How to implement action detection with RNN

I tried to implement the action detection model using LSTM follow this figure

image

where x is the sequence feature extracted from a CNN model, in this case, I used Resnet50, and y is a class predicted in each time step.
I use batch size 1 and Lr is 0.00001, and the target of each sequence looks like

[32, 32, 32, 32, 32, 32, 32, 32, 32, 32, 32, 32, 32, 32,  
0,  0,  0,  0, 0,  0,  0,  0,  0,  0,  0,  0,  0,  0,  0,  0,  0,  0,  
0,  0,  0,  0, 7,  7,  7,  7,  7,  0,  0,  0,  0,  0,  0,  0,  0,  0,  
0,  0,  0,  0, 0,  0,  0,  0,  0,  0,  0, 36, 36, 36, 36, 36]

I computed loss function in every time step using Cross-Entropy and average them.

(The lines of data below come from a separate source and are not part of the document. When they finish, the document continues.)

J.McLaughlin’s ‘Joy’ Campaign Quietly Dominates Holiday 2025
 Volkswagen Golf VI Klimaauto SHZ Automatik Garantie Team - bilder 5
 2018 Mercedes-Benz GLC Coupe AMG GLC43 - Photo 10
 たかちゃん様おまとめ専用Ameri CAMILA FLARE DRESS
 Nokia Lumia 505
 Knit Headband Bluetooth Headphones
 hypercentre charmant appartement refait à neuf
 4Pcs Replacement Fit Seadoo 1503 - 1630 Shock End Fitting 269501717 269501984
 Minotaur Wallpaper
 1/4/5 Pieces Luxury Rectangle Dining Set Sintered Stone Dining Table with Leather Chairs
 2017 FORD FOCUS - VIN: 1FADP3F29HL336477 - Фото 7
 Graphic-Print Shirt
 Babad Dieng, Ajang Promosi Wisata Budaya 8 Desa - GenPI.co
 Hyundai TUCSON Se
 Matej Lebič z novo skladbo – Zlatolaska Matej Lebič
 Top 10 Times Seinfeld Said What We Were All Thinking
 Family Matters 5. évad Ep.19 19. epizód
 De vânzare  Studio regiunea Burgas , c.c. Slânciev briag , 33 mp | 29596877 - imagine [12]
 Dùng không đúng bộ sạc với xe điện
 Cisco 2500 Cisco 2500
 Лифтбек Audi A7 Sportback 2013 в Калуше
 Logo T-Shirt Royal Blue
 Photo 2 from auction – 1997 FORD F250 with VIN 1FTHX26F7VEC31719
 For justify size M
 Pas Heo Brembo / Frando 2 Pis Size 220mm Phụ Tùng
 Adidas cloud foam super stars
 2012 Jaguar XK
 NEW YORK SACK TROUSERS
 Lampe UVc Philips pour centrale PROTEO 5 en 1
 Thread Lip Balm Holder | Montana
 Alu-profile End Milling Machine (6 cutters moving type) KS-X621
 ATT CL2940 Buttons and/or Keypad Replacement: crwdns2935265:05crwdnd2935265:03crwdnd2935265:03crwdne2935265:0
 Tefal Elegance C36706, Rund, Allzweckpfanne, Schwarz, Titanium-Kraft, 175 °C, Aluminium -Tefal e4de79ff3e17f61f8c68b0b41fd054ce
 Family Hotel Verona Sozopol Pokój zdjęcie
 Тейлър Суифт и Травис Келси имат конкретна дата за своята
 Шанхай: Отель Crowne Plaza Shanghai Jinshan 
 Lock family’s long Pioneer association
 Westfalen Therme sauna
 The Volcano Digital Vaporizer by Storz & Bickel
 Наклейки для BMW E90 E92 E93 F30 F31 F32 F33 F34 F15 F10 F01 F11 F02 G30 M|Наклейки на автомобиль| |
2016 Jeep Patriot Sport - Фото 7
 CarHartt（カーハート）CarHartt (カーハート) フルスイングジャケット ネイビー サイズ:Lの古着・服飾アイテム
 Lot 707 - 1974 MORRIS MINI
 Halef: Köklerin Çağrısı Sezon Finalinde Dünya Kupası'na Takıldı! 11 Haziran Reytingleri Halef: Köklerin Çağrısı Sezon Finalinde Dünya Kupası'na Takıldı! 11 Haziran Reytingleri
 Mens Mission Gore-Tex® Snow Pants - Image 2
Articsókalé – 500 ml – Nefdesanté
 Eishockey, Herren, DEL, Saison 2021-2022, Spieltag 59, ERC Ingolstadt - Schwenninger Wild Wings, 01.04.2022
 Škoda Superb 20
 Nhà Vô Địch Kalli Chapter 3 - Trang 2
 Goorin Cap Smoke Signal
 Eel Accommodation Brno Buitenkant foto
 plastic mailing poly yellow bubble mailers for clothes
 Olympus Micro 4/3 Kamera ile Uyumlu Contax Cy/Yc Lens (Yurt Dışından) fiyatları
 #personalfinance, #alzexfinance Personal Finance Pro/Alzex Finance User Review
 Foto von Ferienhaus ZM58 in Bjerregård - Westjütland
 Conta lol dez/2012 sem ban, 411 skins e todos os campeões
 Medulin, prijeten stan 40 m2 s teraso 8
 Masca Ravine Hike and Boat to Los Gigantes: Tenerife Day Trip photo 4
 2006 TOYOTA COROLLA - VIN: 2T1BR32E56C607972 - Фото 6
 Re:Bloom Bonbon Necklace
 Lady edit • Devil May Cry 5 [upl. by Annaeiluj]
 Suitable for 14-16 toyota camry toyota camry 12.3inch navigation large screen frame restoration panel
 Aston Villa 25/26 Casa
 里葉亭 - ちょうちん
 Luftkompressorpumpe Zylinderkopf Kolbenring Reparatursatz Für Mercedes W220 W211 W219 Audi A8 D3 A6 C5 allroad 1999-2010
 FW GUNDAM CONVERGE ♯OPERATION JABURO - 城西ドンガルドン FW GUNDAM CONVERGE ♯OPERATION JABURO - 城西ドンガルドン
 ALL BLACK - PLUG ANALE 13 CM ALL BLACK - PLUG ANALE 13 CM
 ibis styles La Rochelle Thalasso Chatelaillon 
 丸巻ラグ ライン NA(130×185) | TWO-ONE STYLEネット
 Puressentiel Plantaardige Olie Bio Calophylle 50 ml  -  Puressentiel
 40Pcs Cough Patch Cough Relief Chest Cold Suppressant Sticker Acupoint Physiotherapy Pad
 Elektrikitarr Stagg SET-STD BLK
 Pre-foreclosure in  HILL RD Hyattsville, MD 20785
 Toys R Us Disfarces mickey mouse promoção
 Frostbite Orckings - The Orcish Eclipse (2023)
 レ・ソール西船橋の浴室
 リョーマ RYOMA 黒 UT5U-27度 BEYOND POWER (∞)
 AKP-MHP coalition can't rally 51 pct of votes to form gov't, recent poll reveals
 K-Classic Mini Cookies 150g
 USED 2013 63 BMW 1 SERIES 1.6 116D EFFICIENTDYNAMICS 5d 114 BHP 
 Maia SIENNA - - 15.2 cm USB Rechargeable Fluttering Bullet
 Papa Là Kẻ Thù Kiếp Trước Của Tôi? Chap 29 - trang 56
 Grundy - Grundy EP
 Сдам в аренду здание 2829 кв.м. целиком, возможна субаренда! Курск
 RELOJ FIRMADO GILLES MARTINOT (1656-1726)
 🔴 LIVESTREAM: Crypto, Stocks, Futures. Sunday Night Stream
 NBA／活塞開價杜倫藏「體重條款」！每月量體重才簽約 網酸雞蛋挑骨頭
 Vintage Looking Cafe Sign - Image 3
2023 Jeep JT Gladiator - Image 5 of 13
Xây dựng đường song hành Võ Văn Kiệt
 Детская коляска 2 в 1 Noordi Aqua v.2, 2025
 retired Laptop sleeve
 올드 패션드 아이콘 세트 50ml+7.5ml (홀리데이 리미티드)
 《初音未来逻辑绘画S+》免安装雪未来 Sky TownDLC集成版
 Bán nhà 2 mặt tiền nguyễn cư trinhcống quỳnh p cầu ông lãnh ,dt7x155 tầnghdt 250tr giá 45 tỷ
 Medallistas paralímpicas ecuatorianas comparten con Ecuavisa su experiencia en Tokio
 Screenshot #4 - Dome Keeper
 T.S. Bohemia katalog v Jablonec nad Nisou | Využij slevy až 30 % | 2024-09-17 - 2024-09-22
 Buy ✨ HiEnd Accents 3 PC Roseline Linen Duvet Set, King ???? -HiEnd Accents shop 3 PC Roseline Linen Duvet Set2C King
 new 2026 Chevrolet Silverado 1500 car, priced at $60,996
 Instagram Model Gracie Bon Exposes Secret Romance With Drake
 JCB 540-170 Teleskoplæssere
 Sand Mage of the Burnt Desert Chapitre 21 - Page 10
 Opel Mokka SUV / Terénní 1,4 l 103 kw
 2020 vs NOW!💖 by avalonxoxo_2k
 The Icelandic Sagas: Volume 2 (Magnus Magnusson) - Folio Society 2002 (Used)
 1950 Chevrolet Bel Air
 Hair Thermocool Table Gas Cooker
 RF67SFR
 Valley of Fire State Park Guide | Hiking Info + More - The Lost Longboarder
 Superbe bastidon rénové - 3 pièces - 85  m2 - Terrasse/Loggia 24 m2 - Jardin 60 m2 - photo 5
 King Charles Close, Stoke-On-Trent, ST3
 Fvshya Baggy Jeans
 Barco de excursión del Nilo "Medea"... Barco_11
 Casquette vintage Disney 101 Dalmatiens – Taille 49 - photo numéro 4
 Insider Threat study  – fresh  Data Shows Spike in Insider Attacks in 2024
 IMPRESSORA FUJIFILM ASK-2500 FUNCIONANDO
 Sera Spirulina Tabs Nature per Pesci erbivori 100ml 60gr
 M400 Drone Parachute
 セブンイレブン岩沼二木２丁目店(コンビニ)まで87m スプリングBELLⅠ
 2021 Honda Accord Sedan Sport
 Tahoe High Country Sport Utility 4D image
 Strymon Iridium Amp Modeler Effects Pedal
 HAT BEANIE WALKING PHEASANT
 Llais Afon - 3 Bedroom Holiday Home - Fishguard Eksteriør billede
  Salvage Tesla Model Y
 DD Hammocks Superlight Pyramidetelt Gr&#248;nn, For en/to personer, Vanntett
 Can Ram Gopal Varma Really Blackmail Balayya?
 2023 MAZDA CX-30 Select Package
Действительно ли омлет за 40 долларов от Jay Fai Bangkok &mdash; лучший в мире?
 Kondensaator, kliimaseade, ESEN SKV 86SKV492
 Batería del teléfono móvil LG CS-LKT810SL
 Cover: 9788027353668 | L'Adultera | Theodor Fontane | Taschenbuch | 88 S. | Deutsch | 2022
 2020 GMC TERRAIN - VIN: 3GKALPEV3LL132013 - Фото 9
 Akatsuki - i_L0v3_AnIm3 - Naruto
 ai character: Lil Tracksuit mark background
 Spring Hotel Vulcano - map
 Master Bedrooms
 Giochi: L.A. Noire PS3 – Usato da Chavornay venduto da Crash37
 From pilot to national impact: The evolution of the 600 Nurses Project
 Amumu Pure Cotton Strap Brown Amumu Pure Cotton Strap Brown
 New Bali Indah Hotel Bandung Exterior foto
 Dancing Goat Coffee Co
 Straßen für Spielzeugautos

I found the loss graph looks unusual.

do you have any idea what happened?
and I’m not clear about my loss function computation.
what is the correct way to compute loss in this case?
is it possible that the problem come from loss function computation?

thank you,

Hi, Can you explain more about your training data? Is it one single frame? or a sequence of frames? How is your RNN model? Is it many to one or many to many?

thank you for your reply,
the training data is sequence of frames and the RNN model is many to many type.